The Treasury has also established favorable tax regimes for multinationals with offshore subsidiaries and new tax breaks for patent-owning companies.

Several corporations have moved their headquarters to the UK to take advantage of the low tax threshold, including Aon, Fiat Industrial and Starbucks’ European operations.

Agrochemical and seed giant Monsanto last month announced it would move its global headquarters to the UK if it succeeded in merging with Swiss firm Syngenta.

EU tax commissioner Pierre Moscovici intends to resurrect a plan for a so-called common consolidated corporate tax base (CCCTB) after previous attempts failed due to opposition from member states.

READ MORE: UK is 'biggest tax haven in EU,' says global tax expert

Brussels intends to make a common tax rate compulsory for multinational enterprises, according to a document seen by Reuters.

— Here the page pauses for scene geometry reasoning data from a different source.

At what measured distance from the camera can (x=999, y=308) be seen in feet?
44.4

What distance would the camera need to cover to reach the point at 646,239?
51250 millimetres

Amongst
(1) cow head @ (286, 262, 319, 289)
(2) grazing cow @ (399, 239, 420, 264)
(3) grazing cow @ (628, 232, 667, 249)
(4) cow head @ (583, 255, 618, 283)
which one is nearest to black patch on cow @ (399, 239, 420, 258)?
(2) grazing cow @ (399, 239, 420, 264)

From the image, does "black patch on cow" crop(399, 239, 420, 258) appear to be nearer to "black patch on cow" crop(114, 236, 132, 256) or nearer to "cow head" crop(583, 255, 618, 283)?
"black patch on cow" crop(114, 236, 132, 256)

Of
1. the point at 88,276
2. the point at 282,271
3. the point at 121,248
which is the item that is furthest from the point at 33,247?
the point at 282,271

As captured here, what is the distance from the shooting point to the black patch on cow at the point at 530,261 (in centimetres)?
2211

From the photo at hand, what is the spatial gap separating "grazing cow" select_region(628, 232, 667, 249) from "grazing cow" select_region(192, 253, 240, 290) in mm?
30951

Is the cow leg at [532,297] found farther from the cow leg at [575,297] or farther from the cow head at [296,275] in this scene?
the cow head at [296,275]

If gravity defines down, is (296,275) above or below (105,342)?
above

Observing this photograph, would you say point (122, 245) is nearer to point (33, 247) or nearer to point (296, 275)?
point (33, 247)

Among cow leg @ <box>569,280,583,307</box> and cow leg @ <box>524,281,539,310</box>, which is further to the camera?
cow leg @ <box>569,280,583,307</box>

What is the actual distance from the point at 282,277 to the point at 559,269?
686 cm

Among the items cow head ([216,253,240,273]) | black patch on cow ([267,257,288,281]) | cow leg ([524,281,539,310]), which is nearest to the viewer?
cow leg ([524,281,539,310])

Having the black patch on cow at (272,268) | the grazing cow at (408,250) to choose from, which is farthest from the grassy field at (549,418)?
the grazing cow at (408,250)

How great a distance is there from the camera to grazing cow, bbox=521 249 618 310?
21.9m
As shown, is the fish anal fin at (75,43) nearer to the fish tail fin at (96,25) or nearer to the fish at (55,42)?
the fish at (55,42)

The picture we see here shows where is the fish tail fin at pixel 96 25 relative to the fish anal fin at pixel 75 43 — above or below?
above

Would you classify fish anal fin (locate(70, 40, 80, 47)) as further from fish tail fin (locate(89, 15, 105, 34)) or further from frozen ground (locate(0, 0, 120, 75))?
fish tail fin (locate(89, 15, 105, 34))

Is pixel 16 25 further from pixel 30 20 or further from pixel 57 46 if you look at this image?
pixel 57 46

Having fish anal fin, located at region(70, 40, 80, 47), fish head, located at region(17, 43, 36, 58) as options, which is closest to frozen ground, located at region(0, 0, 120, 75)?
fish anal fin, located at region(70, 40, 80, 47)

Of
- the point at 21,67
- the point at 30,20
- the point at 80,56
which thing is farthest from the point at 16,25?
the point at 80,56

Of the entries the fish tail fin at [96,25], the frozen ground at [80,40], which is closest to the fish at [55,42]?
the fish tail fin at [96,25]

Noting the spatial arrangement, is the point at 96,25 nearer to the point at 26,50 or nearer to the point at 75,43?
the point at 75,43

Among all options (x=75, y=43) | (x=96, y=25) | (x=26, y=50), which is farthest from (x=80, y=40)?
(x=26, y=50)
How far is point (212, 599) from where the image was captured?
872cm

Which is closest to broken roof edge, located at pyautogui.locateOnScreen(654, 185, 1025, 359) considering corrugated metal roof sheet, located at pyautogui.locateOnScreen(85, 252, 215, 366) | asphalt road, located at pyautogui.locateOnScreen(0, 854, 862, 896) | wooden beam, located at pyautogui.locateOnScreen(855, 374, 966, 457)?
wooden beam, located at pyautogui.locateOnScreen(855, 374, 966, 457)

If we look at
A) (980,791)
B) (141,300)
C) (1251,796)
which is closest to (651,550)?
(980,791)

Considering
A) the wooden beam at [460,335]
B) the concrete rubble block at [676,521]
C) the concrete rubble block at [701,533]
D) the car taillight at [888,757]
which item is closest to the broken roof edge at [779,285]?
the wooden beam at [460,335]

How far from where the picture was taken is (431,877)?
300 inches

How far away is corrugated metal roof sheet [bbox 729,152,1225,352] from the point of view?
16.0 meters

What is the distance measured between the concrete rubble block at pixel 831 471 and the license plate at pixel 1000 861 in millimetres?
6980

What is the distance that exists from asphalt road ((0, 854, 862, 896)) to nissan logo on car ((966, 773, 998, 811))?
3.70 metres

Moscovici’s plan states: “The current rules for corporate taxation no longer fit the modern context, as corporate tax planning has become more sophisticated, and competitive forces between member states have increased, the tools for ensuring fair tax competition within the EU have reached their limits.”

A Treasury spokesperson said: “Direct taxation is a matter for EU countries, and any direct taxation matters require unanimity across all EU countries. We’re fully involved in international discussions on tax issues and have consistently supported global measures, through the EU, G20 and OECD, which will strengthen international rules to prevent corporate tax avoidance.”